◆ **Description of the task**
Begin at the line below that has "清仓捡漏大码加绒毛呢休闲裤秋" and stop after the line that has "Green Bay Packers". Please restate only those lines, word for word.

◆ **Records shown**
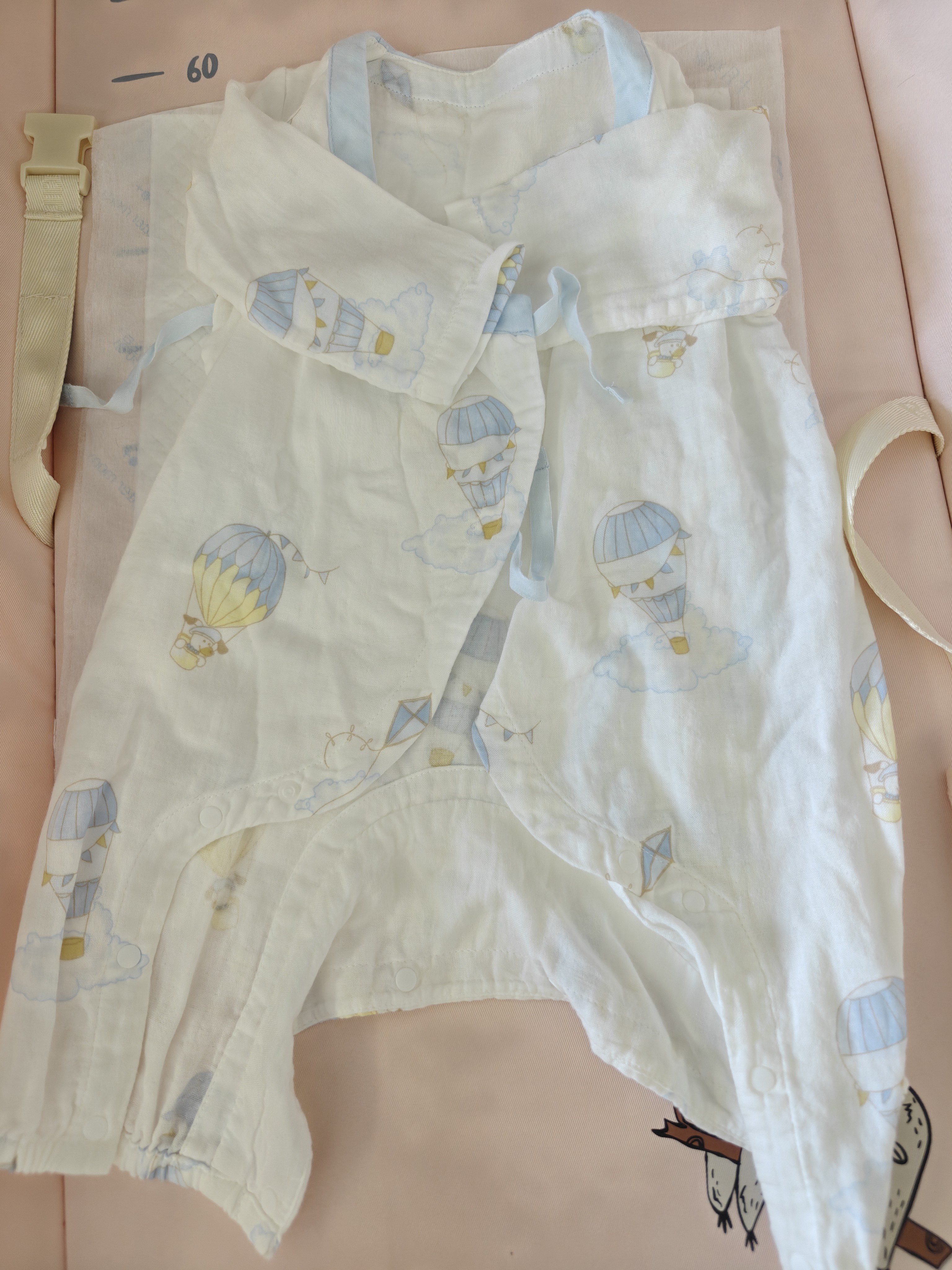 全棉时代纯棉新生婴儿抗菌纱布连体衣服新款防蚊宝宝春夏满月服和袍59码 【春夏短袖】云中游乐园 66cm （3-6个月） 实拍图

==

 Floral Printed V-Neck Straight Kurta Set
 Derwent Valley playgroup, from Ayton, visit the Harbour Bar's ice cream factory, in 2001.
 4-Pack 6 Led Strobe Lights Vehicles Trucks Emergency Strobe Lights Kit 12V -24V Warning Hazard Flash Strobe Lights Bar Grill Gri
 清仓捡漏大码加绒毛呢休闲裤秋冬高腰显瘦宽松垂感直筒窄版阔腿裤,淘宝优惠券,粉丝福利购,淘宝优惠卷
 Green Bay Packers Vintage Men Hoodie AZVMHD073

==

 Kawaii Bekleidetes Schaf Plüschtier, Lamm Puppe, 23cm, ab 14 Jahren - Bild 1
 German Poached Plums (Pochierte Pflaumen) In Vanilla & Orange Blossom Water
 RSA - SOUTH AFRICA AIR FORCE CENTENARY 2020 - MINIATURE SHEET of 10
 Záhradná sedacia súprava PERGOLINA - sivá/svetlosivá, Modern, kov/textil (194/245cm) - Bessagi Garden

◆ **Response to this task**
 清仓捡漏大码加绒毛呢休闲裤秋冬高腰显瘦宽松垂感直筒窄版阔腿裤,淘宝优惠券,粉丝福利购,淘宝优惠卷
 Green Bay Packers Vintage Men Hoodie AZVMHD073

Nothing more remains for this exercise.